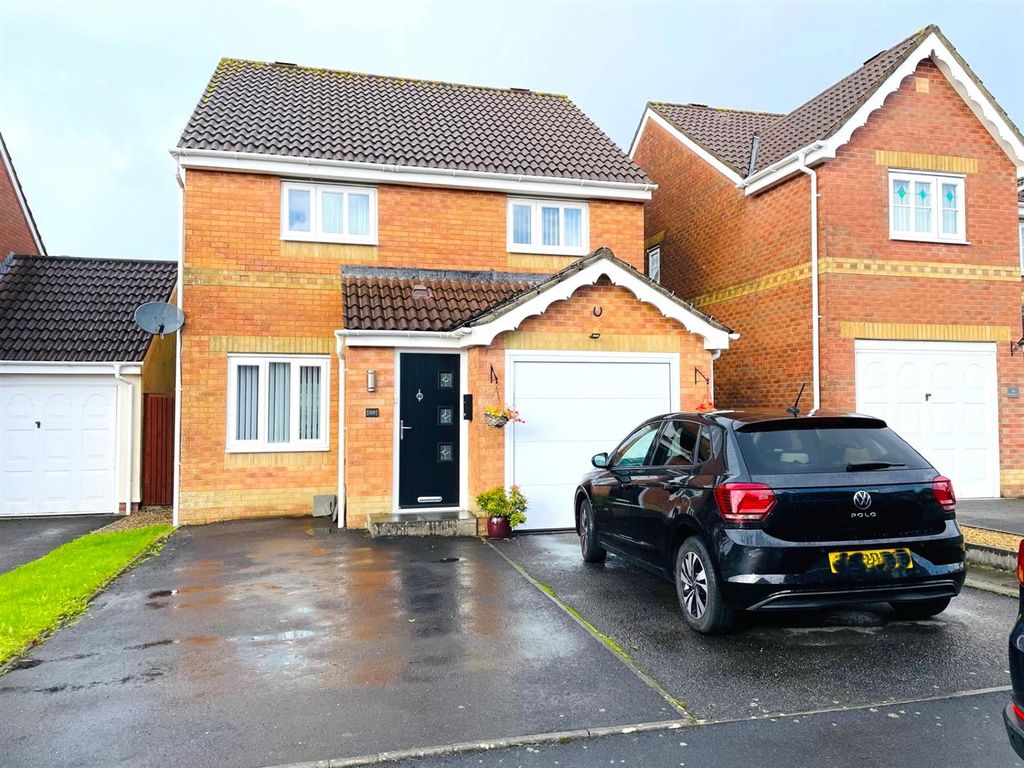 3 bed detached house for sale in Pant Bryn Isaf, Llwynhendy, Llanelli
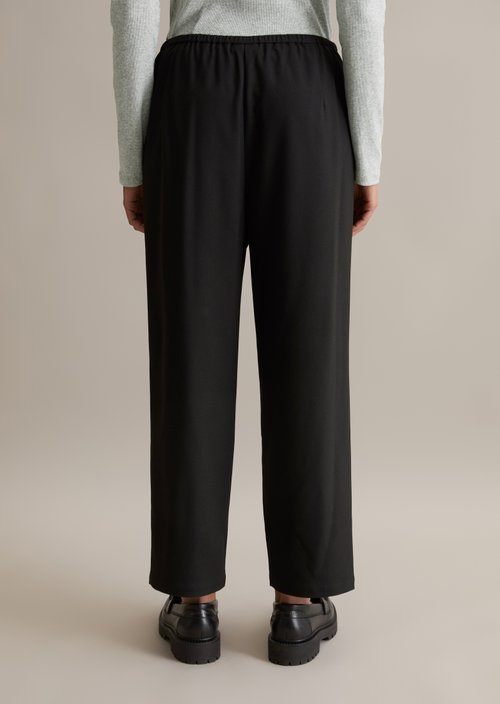 Pleated trousers loose tapered — Black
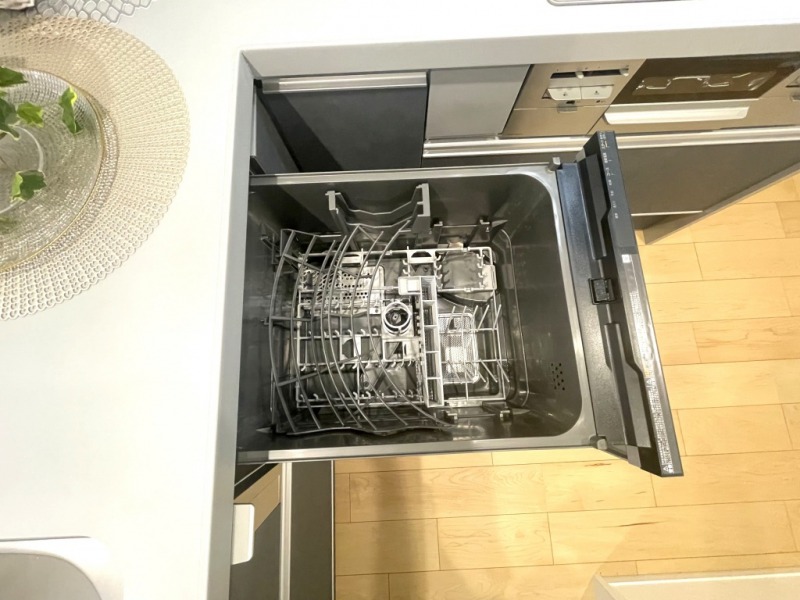 【キッチン:食洗機】ビルトイン食器洗浄乾燥機が付いているので、調理スペースも広く取れて節水効果もあり、家事の負担軽減も期待できます。また上面部に操作ボタンが設置されているタイプで、ラクな姿勢で操作ができます。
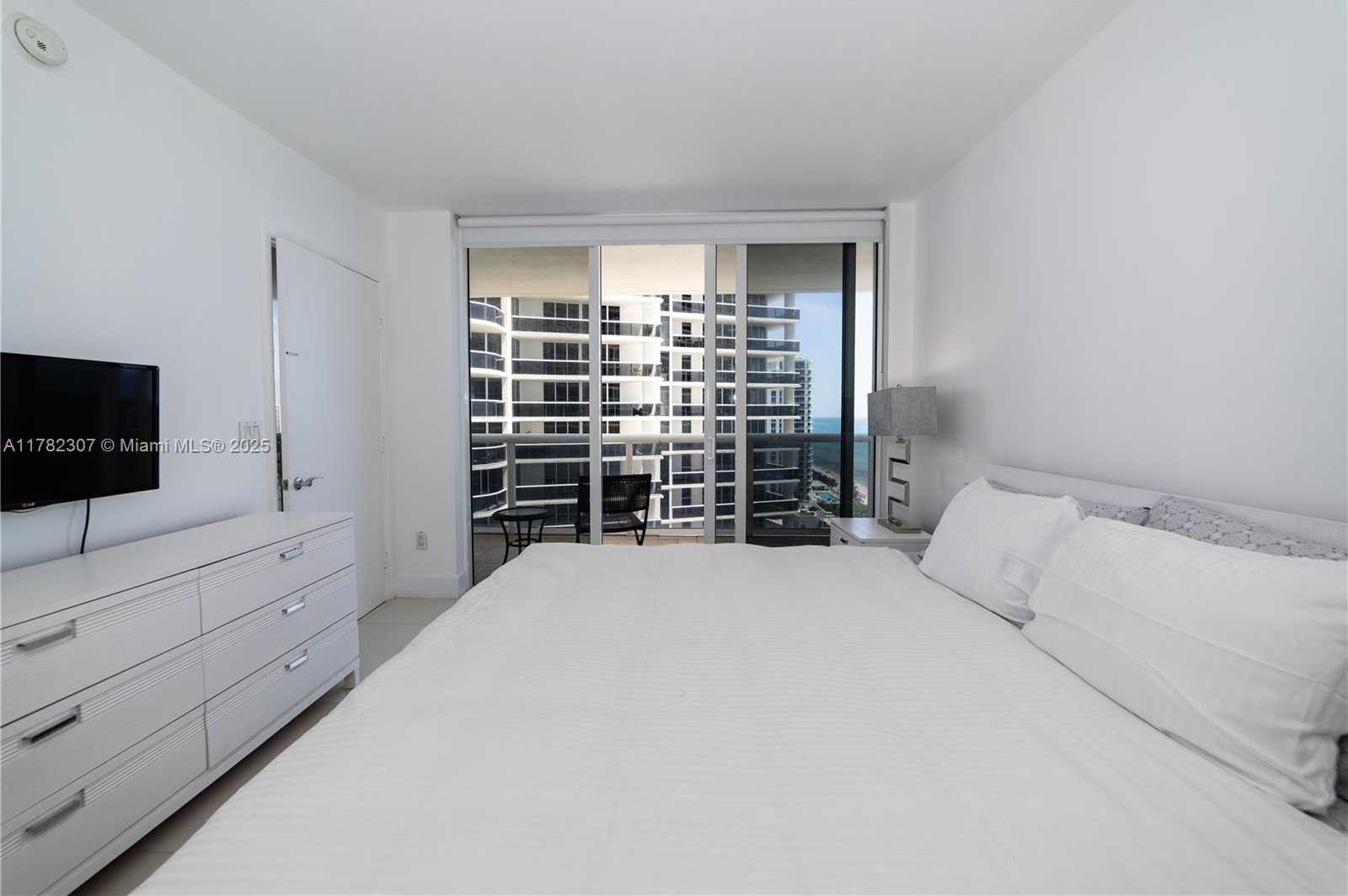 Small Image of 1830 SOUTH OCEAN DR #1808, Hallandale Beach Number 17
****************
**EXERCISE REQUIREMENTS**: Quote all the lines above exactly as given. Do not include the pictures.

**COMPLETED TASK**:
 3 bed detached house for sale in Pant Bryn Isaf, Llwynhendy, Llanelli
 Pleated trousers loose tapered — Black
 【キッチン:食洗機】ビルトイン食器洗浄乾燥機が付いているので、調理スペースも広く取れて節水効果もあり、家事の負担軽減も期待できます。また上面部に操作ボタンが設置されているタイプで、ラクな姿勢で操作ができます。
 Small Image of 1830 SOUTH OCEAN DR #1808, Hallandale Beach Number 17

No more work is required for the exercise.